Kobe Bryant is inspiring for people who want to be extraordinary. He was obsessed with hard work. Kobe started practicing at 4:30am when every other NBA star started at 6:45am. He practiced as if it was Game 7. He always wanted to get better and always wanted to work.

This recruits the right customer, partners and team members.

3-Obsession is a great time management tool.

Warren Buffet was being interviewed by Charlie Rose. Rose asked, “How do you manage your time?”

Warren Buffet pulls out an old leather notebook with only 3 things in his April agenda. He said what separates the successful is knowing when to say NO to everyone. If I can only do 3 things, what would I do. Because saying YES, you lose focus on your obsession.

Saying YES takes you away from what you have to do.

4-Obsession is an authentic performance.

Daniel Day-Lewis is a “method actor” who stays in character for months at a time. Day-Lewis, who has won three Best Actor Oscars. He talked of “the gravitational pull of another life that fires one’s curiosity” and the “mystery” of performance, at least as practised by him in front of the cameras. He believed so fervently that he was the character he was playing that got audiences swept along with him.

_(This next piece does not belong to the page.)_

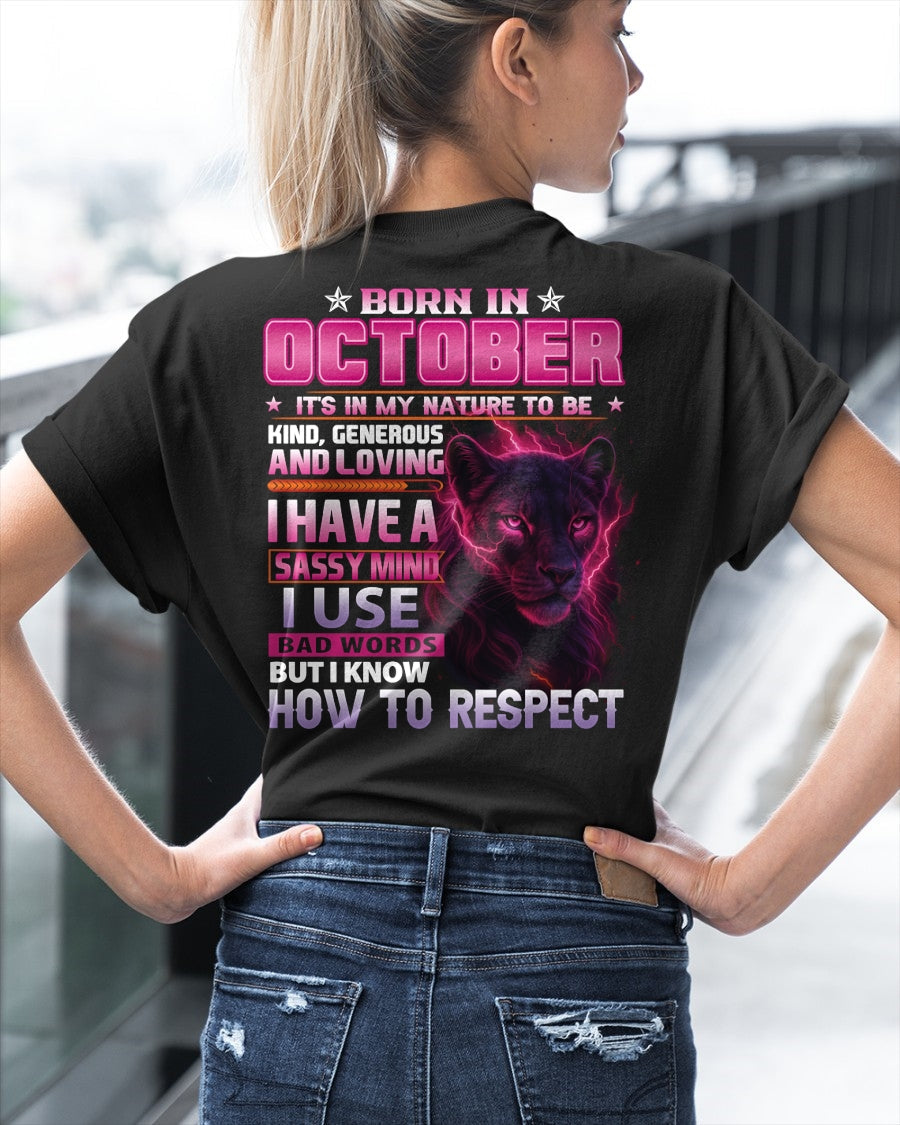 Born in October T-Shirt – Sassy Mind, Respect Quote Panther Design - FMA NINA10 (SKU09-24-10)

This is the craftsmanship between ideas and execution.

5-Obsession is learning.

“The thing about life is, every time you learn a lesson, another is waiting right at the corner. You never know everything”. Taylor Swift teaches us how obsessive learning can lead to success in life. It encourages us to explore self-learning and pursue our passions. The world needs more of ‘what do I want to learn and what do I want to get better at? Create your list, because it makes you better. It needs obsessive curiosity. It takes learning to another level.

This is constant product and service invention and unparalleled customer experience for your brand.

“How about getting back to the one thing that made your company great? Obsession.”

How do you know you’re focused on the right obsession?

Obsession with focus may seem weird, but gets you to somewhere spectacular. It connects with everything that is your brand.

Authenticity: Can you authentically own it?

Distinctive: Is there a competitive advantage?

Impact: Can you make money with this?

Action: Is this something going to attract the right customer and team member?

Discipline: Can you measure success against this?

Discovering or rediscovering your obsession starts with your origin stories, founders, leaders, extraordinary talents, history and culture. Find the truth in there. It’s your obsession that was always part of you since day one. It is what made you special. That’s why brands can learn a lot from actors, celebrities, CEOs and artists. It gives your company an obsessed culture and growth. It lets your brand create and arrive at a future where few can reach and compete.